Collected data
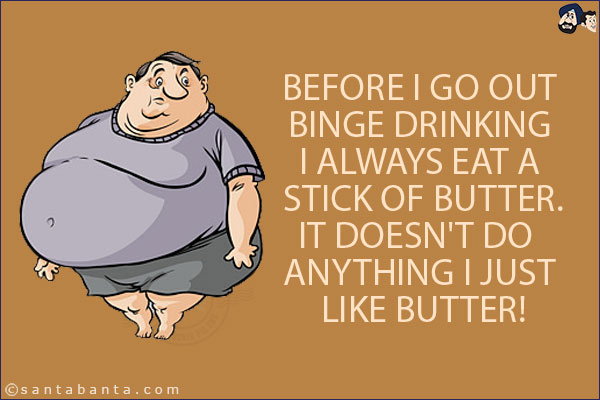 Before I go out binge drinking I always eat a stick of butter.<br/>
.<br/>
.<br/>
.<br/>
.<br/>
.<br/>
.<br/>
.<br/>
.<br/>
.<br/>
It doesn't do anything I just like butter!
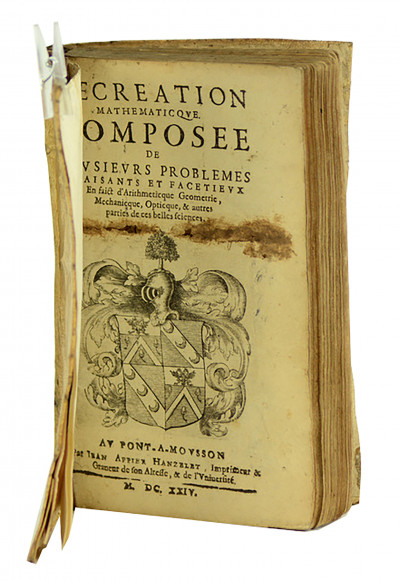 Récréation mathematicque composée de plusieurs problemes plaisants et facetieux en faict d'Arithmeticque Geometrie, Mechanicque, Opticque, & autres parties de ces belles sciences. 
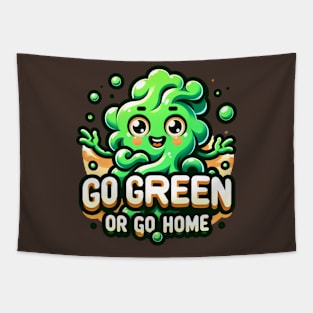 Go Green or Go home- Happy St. Patrick's Day Tapestry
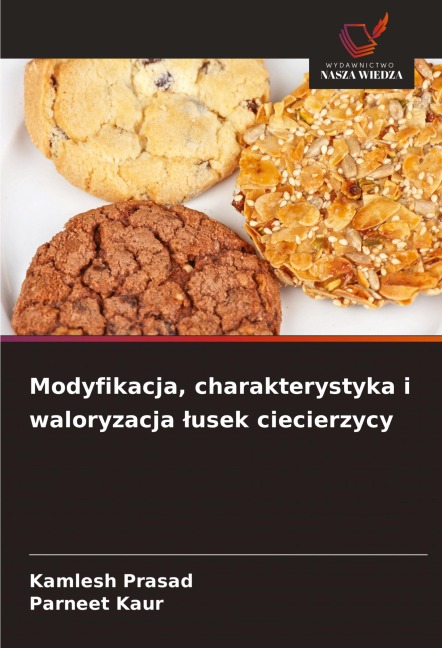 Modyfikacja, charakterystyka i waloryzacja ¿usek ciecierzycy - Kamlesh Prasad, Parneet Kaur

Task prompt:
Reproduce the data word for word, excluding its pictures.

Exercise solution:
 Before I go out binge drinking I always eat a stick of butter.<br/>
.<br/>
.<br/>
.<br/>
.<br/>
.<br/>
.<br/>
.<br/>
.<br/>
.<br/>
It doesn't do anything I just like butter!
 Récréation mathematicque composée de plusieurs problemes plaisants et facetieux en faict d'Arithmeticque Geometrie, Mechanicque, Opticque, & autres parties de ces belles sciences. 
 Go Green or Go home- Happy St. Patrick's Day Tapestry
 Modyfikacja, charakterystyka i waloryzacja ¿usek ciecierzycy - Kamlesh Prasad, Parneet Kaur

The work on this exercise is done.